• [DIRECTIONS]: Copy out the entries that follow exactly, leaving every picture behind.

• [PROVIDED MATERIAL]:
------------------------------

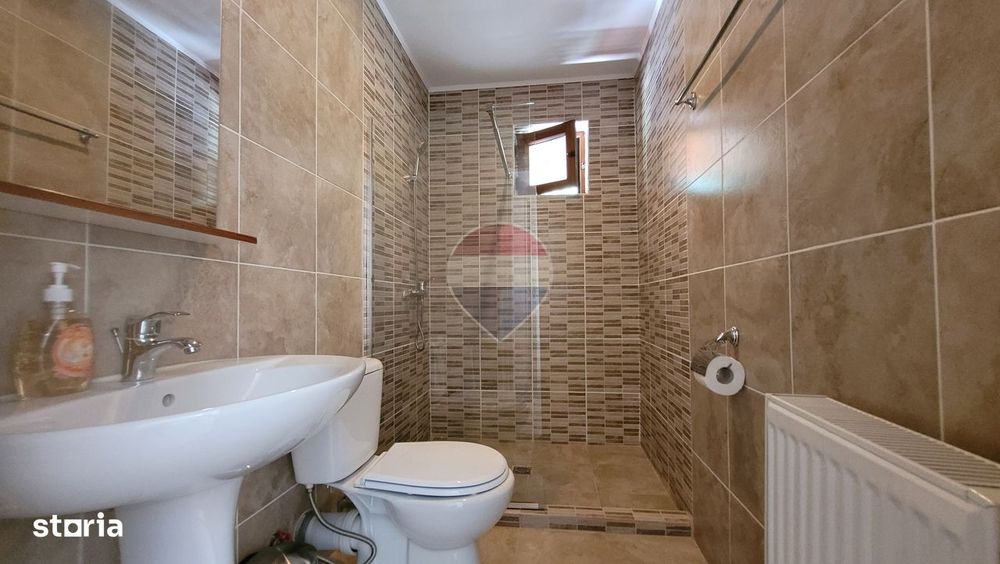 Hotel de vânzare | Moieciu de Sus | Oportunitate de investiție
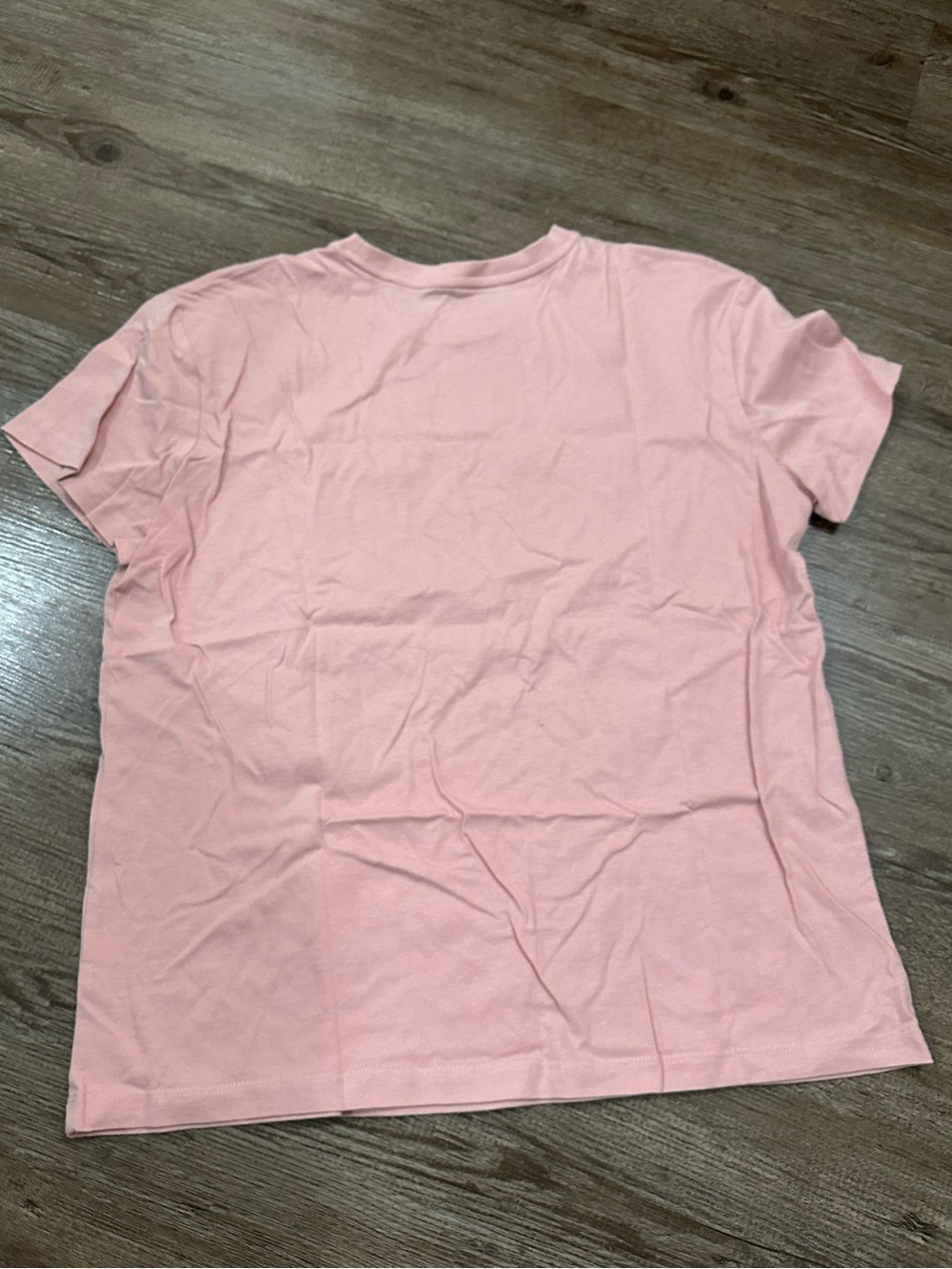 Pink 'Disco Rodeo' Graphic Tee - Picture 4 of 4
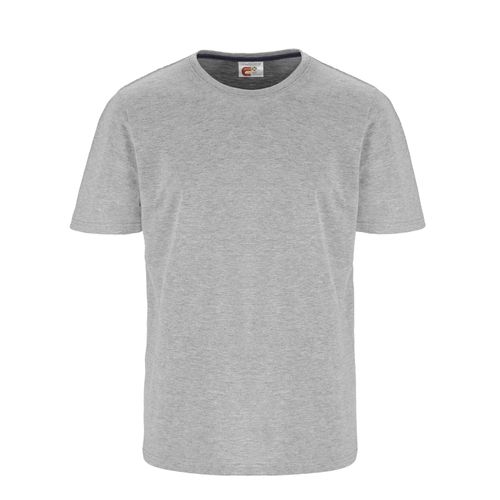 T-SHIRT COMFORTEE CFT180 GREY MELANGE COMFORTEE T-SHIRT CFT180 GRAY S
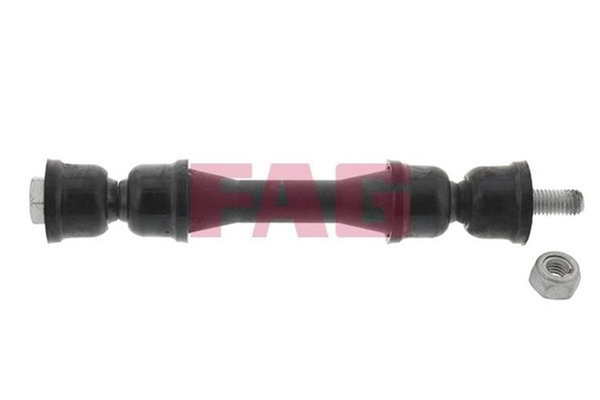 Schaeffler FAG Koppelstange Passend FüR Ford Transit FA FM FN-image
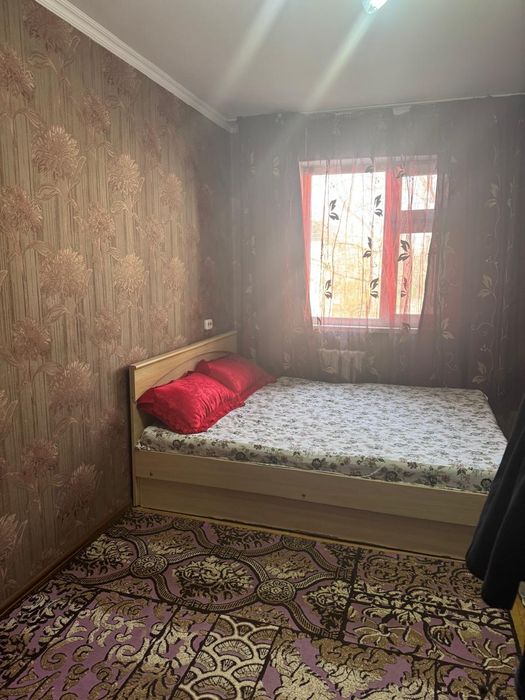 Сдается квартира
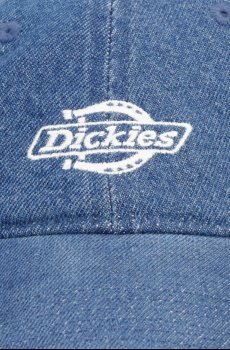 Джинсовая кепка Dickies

------------------------------

• [OUTPUT OF THE EXERCISE]:
 Hotel de vânzare | Moieciu de Sus | Oportunitate de investiție
 Pink 'Disco Rodeo' Graphic Tee - Picture 4 of 4
 T-SHIRT COMFORTEE CFT180 GREY MELANGE COMFORTEE T-SHIRT CFT180 GRAY S
 Schaeffler FAG Koppelstange Passend FüR Ford Transit FA FM FN-image
 Сдается квартира
 Джинсовая кепка Dickies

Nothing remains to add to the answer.